In his day, Nat Allbright was a legend — a craftsman, an artist, a master teller of baseball tales so vivid, you believed every word.
When radio came along in the 1920s, baseball was one of the first sports to go on the air. Before long, all the major-league teams were broadcasting their games.
From their own ballparks, anyway. It was frightfully expensive to send play-by-play audio descriptions from distant stadiums because of the high Western Union charges for dedicated broadcast lines.
So, as Tony Silva writes in a 2007 Journal of Baseball History and Culture story, frugal team owners turned to art and artifice to bring their games to fans. “Due partly to the lack of a budget, inadequate technology, and the resistance of team owners to broadcasting games live for fear of hurting business at the gate, early radio broadcasts actually were imaginative re-enactments of games that had already been played moments or even hours earlier.”
They were performances, in other words — sometimes of Shakespearean proportions — based only in part on the facts of games that the talented announcers were describing but not really watching.
The idea evolved somewhat from the days before radio, when big-city newspapers and local taverns set up huge display boards outside their offices on which constantly updated scores and other game details relayed by Western Union would be posted for passersby to follow.
If the game was crucial and the whole town was keen on following its every development, traffic jams, stopped trolleys, and packed sidewalks ensued.
In 1912, one barkeeper in Oakland, California, even sued his landlord for tearing down the makeshift scoreboard he’d erected on the roof.

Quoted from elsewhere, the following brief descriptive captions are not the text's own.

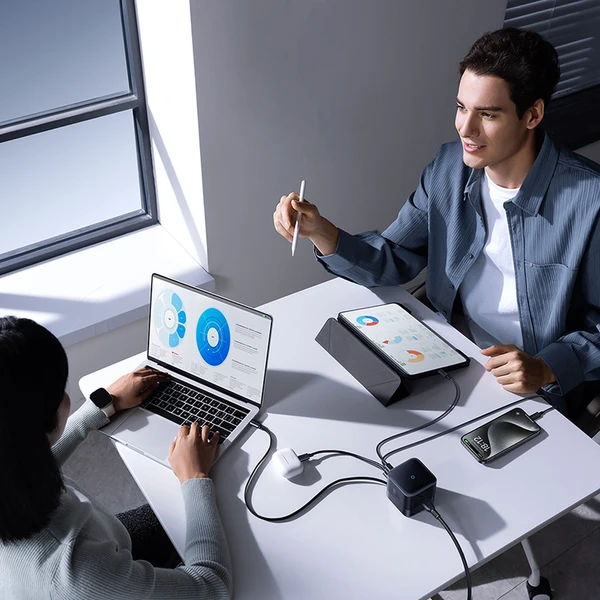 Baseus Super GaN Charger nabíjecí stanice 100W, 3xUSB-C, USB-A 1m kabel černá - Nabíječky - Obrázek ADGE000L01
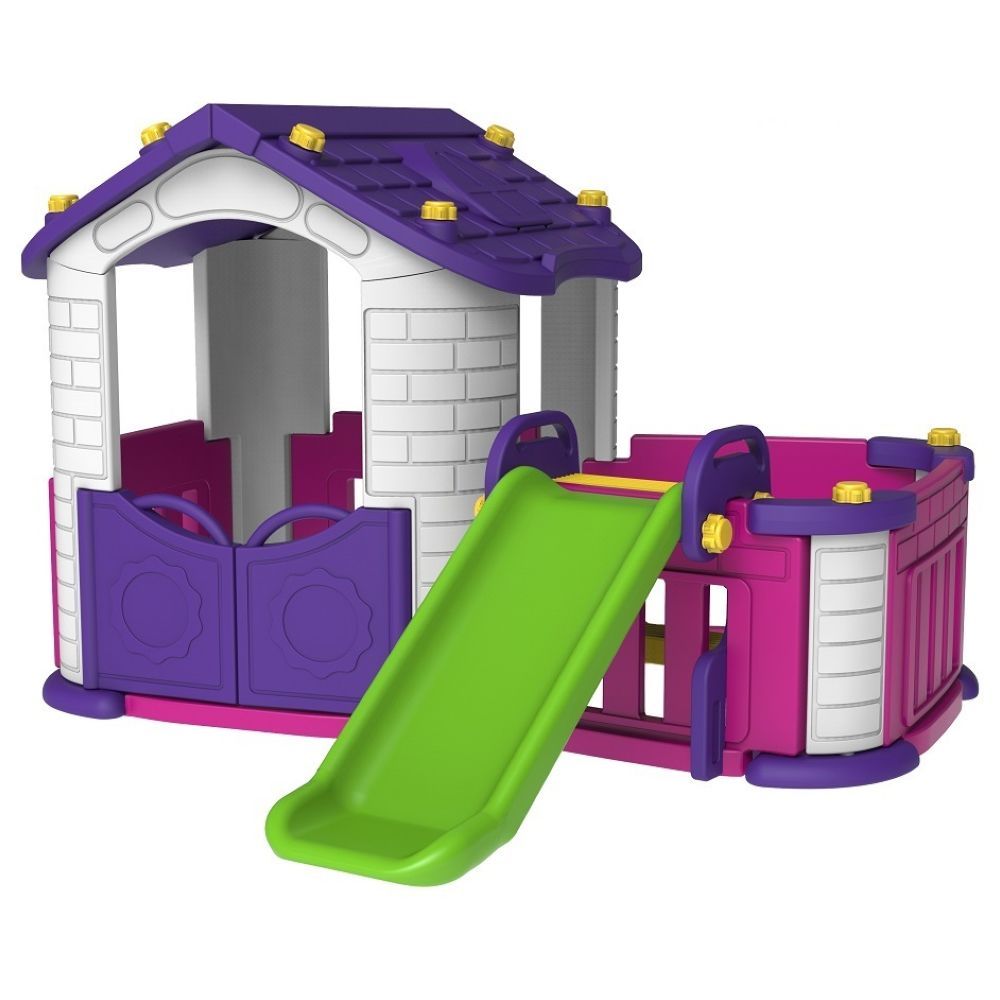 MYTS - Indoor 3-in-1 Playhouse With Slide + Play Area Purple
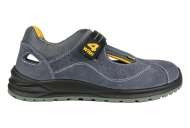 Sandale din piele, fața - piele șlefuită, gri cu fire albe, închidere cu velcro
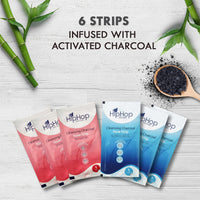 HipHop Skincare Charcoal Nose Strips Combo for Men & Women, Blackhead & Whitehead Remover, Pore Cleanser - Pack of 2 (3 Strips each)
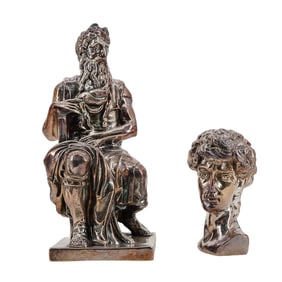 Pair of Sterling Silver Neoclassical Figures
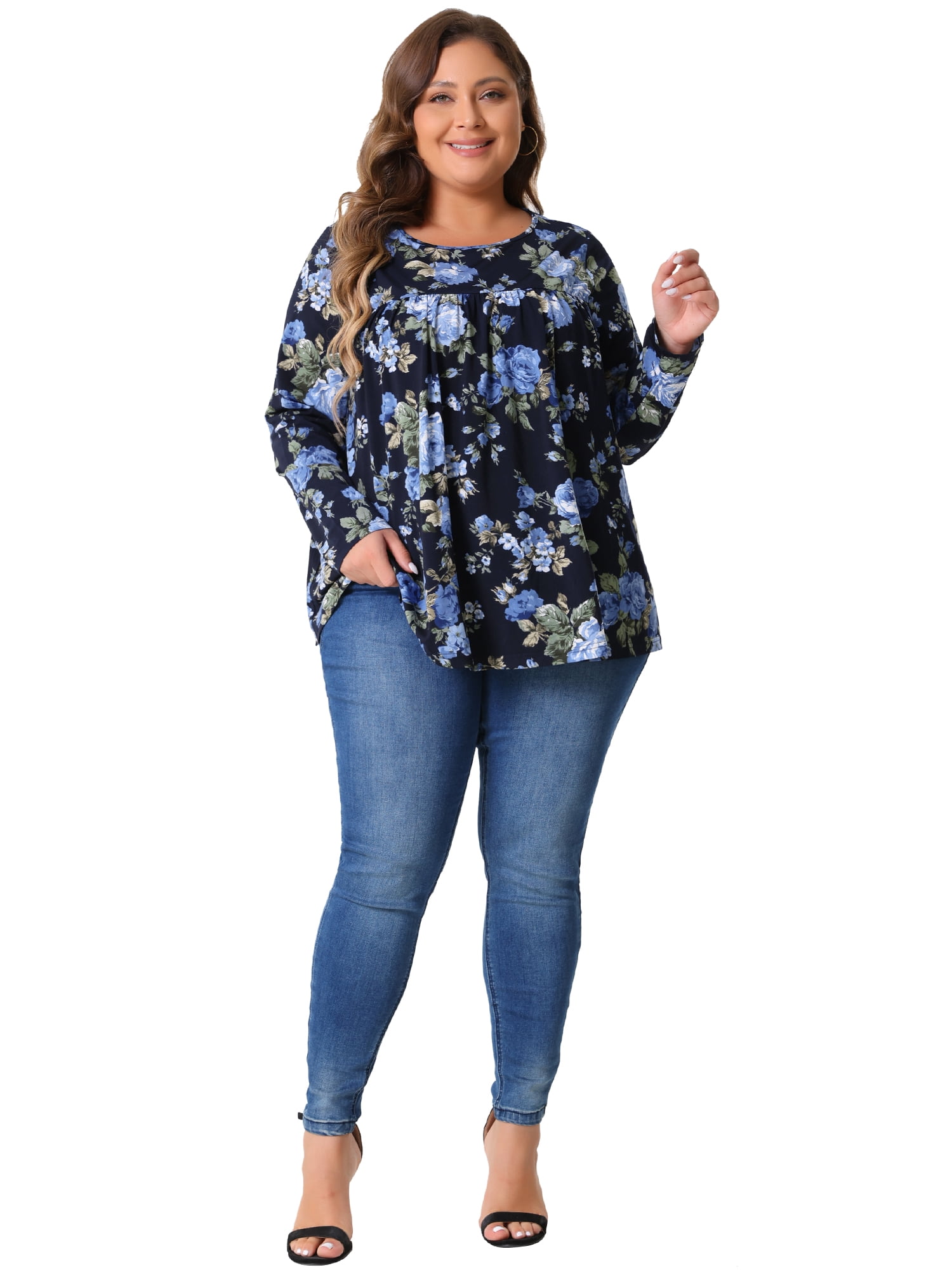 DARING DIVA Women's Plus Size Floral Long Sleeve Pleated Crew Neck Blouse 4X Dark Blue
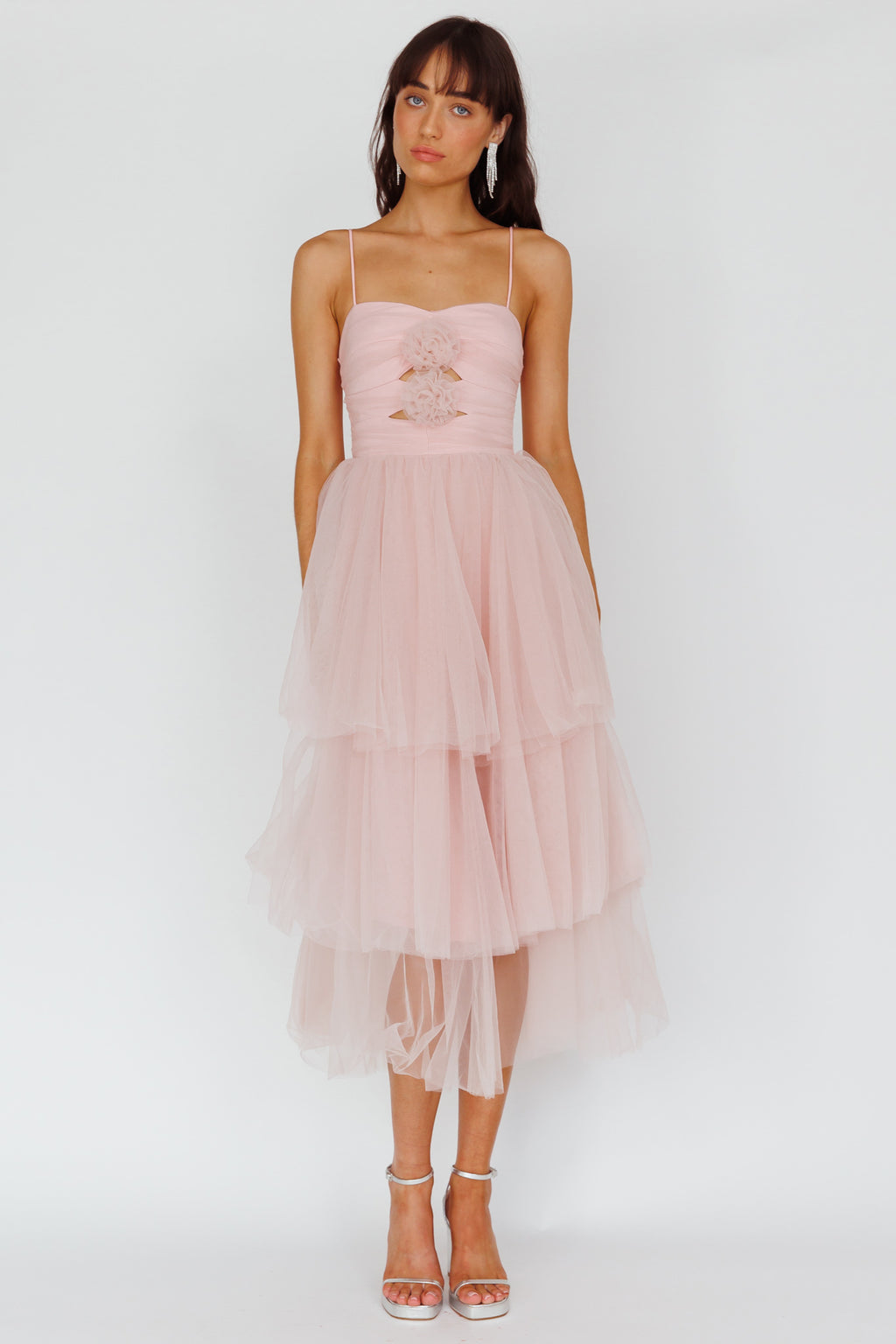 Seraphina Rose Bodice Tulle Midi Dress Blush by Selfie Leslie Australia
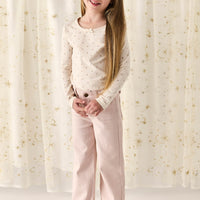 Organic Cotton Long Sleeve Top - Ditsy Berry Rose Childrens Top from Jamie Kay USA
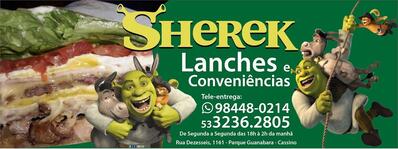 A publicidade apresenta informações sobre o Sherek Lanches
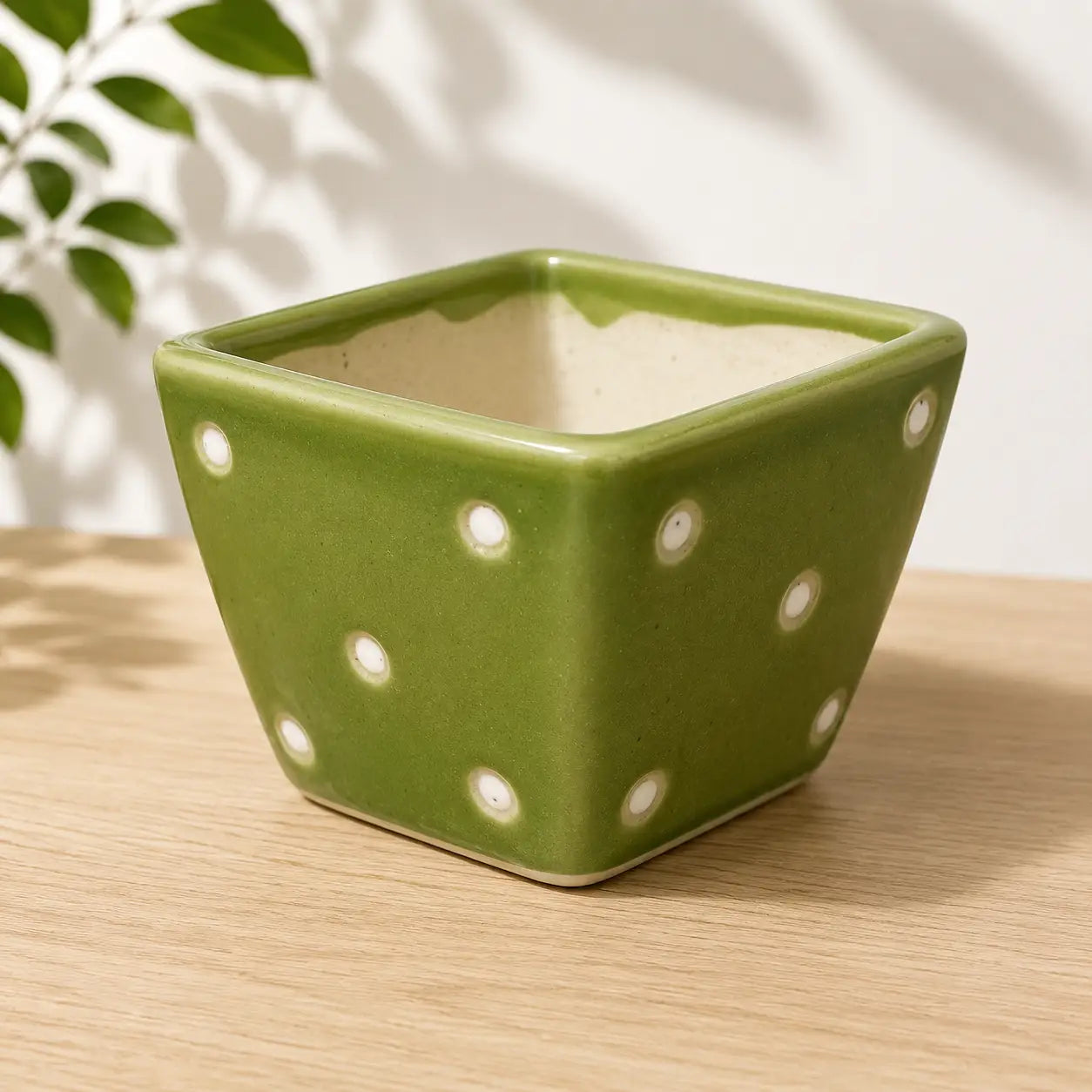White-Dotted Green Ceramic Planter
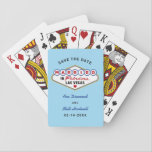 Gehuwd in Fabulous Vegas Wedding Save the Date Pokerkaarten<br><div class="desc">Verraad je Vegas bruiloft in stijl! Deze leuke bruiloft "Gehuwd in Fabulous Las Vegas",  behalve de datum die kaarten speelt,  is voorzien van een monogram van de bruid- en bruinnamen en de toekomstige trouwdatum met een lichtblauwe achtergrond (kan worden gewijzigd). Zwarte,  blauwe,  rode en gele ontwerpkleuren.</div>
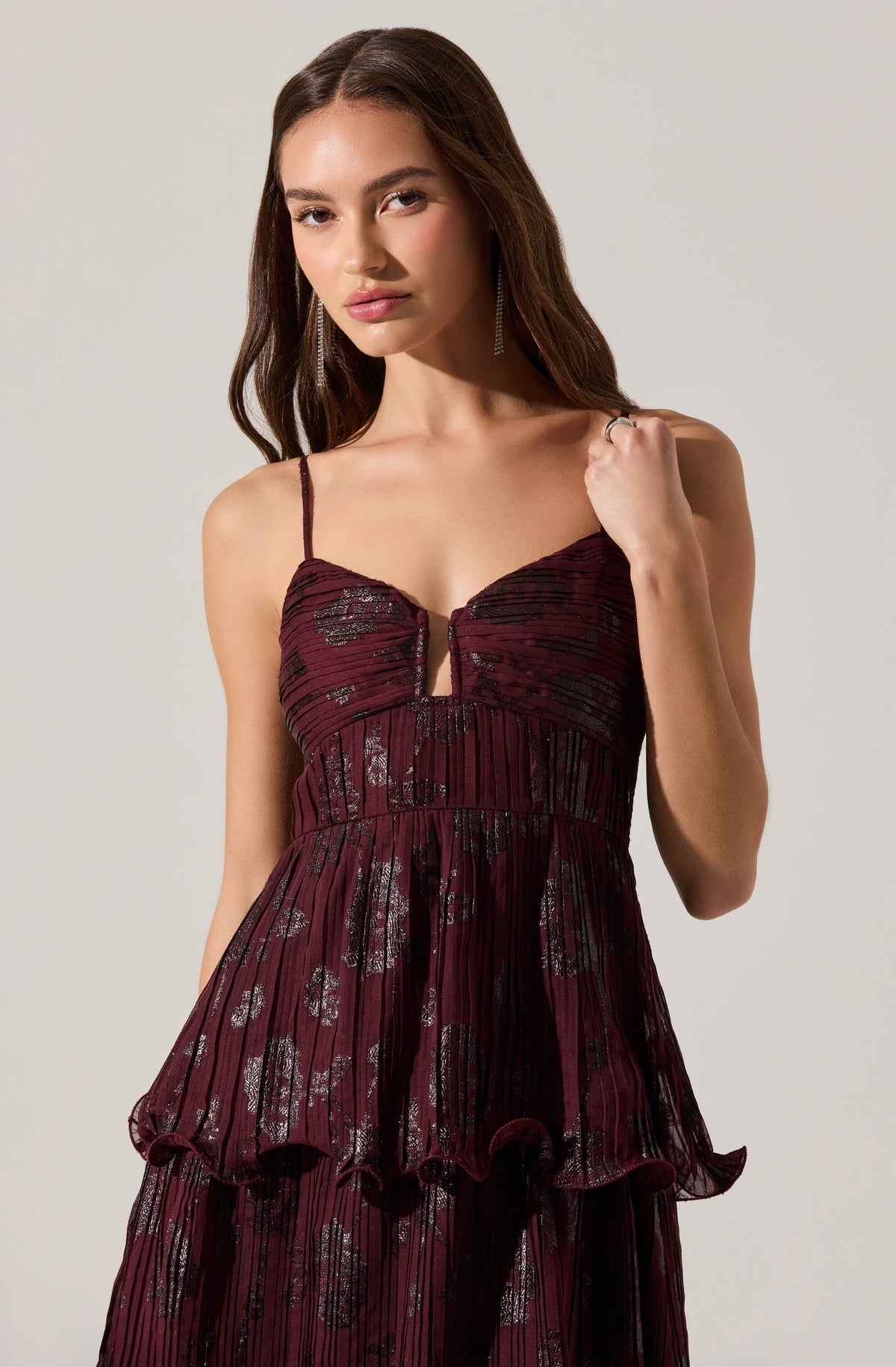Lupin Pleated Tiered Maxi Dress in Wine Floral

It had brought in lots of business.
Using nothing but telegraphed or wire-service accounts of pitches and plays in the field, baseball’s radio re-creators turned the idea of updating game action into an artform. They sat in a studio and painted exaggerated “word pictures” of what was happening on fields far away.
To make the broadcasts believable and exciting, many of these natural-born hams employed clever sound effects such as canned crowd noise and phony “steee-rike” calls by umpires.
An assistant off in an echo-y bathroom might even pretend to be the field announcer or a beer vendor.
Before each game, some re-creators would play recordings of singers belting out the U.S. national anthem that had been gathered in each and every opponent’s stadium.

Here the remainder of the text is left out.